Miles Beale, chief executive of the Wine and Spirit Trade Association, said his organisation had proposed many of these changes publicly beforehand.

“By introducing greater flexibility, wine producers and importers won’t be forced to do anything differently but will be able to innovate,” he added.

WineGB, the association for the English and Welsh wine industry, stated that the proposals are generally good news for English and Welsh winemakers.

A statement from the organisation added: “With specific regard to the increase in scope for the transformation of imported bulk wine we have received very strong assurances that any wine (or grapes) imported into the country and processed here will need to be labelled with the country of origin of the grapes.  

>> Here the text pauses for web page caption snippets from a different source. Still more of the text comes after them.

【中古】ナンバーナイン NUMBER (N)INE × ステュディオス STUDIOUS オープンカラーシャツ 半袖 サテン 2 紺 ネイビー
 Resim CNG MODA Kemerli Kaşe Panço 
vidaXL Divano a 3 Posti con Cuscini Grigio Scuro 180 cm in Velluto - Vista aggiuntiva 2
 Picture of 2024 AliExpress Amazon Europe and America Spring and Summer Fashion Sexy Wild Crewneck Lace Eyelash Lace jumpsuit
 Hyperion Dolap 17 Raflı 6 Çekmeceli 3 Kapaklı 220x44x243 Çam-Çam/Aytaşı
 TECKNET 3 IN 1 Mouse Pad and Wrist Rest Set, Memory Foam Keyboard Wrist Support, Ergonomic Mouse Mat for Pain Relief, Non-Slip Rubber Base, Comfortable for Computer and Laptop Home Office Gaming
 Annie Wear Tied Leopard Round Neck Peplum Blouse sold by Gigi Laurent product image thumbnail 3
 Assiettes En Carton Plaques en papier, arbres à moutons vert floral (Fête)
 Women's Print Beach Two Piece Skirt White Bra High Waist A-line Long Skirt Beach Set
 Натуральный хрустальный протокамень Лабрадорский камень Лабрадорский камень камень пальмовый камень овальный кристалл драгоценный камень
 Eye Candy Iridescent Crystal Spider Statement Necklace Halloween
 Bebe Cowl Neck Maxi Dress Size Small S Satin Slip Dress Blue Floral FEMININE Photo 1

“So, whether wine is blended, carbonated, sweetened, de-alcoholised, it will not be allowed to be called British, English, Welsh.  This will close the door on the current ‘British Made Wine’ category, as these products will need to carry the origin of the grapes as their provenance.”

UK wine producers have undergone exponential growth in recent years, with brands like Chapel Down investing in transformational projects.

Last month, the southeast English winemaker received the green light to move operations to a facility that can produce nine million bottles by 2032. The project will cost £20m-£30m.

Chapel Down returned a net sales revenue of £15.6m and an operating profit of £1.7m in its fiscal 2022.